DATA SHOWN:
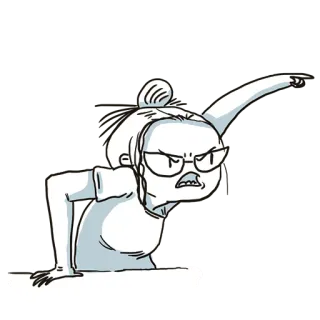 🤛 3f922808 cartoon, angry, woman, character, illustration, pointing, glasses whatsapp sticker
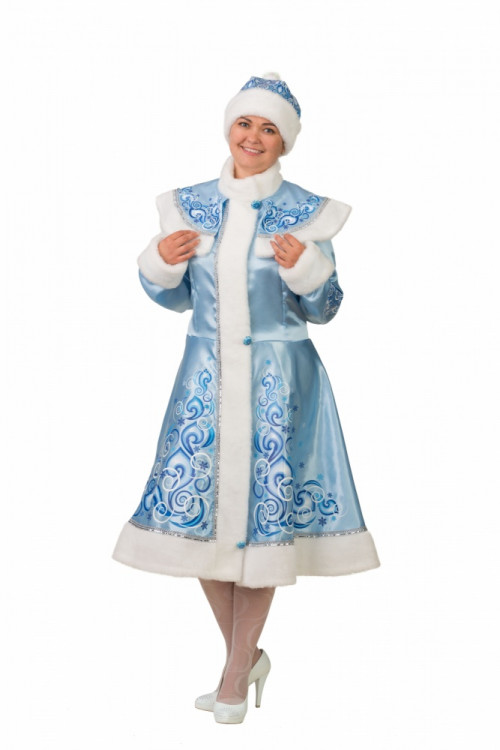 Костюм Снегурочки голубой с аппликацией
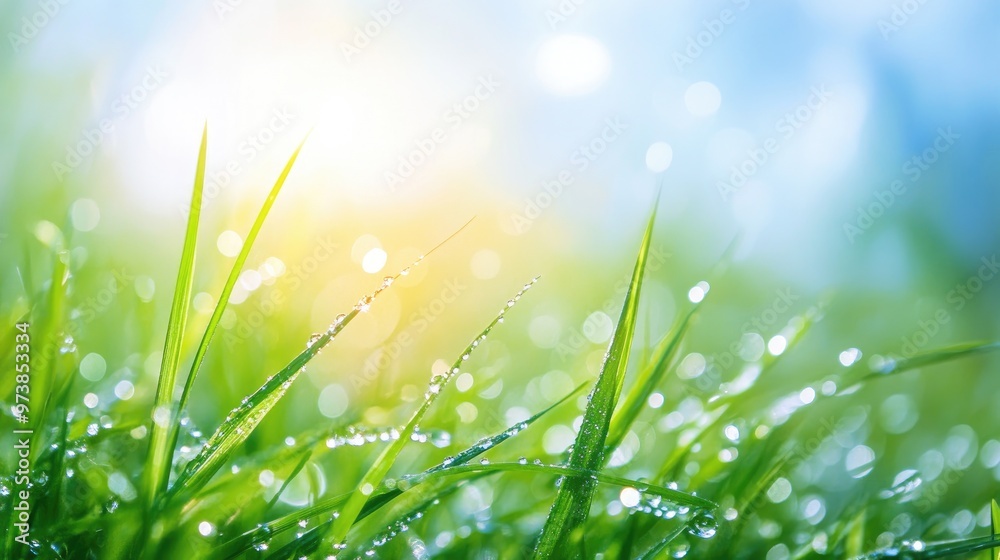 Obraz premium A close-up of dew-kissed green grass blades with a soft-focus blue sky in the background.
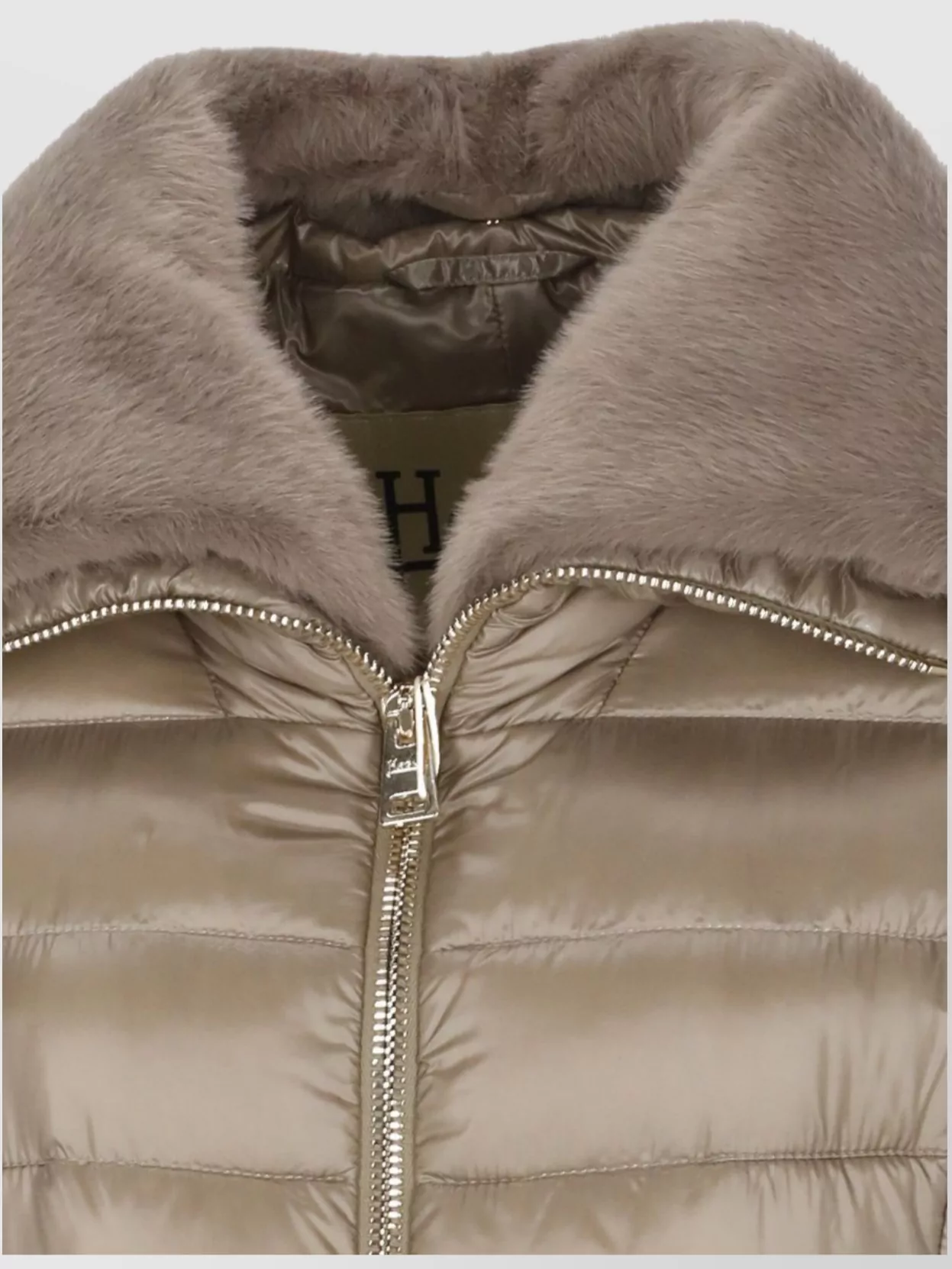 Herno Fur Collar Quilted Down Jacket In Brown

AIM OF THE EXERCISE: Return each line above exactly; any pictures are to be skipped.

WRITTEN REPLY:
 🤛 3f922808 cartoon, angry, woman, character, illustration, pointing, glasses whatsapp sticker
 Костюм Снегурочки голубой с аппликацией
 Obraz premium A close-up of dew-kissed green grass blades with a soft-focus blue sky in the background.
 Herno Fur Collar Quilted Down Jacket In Brown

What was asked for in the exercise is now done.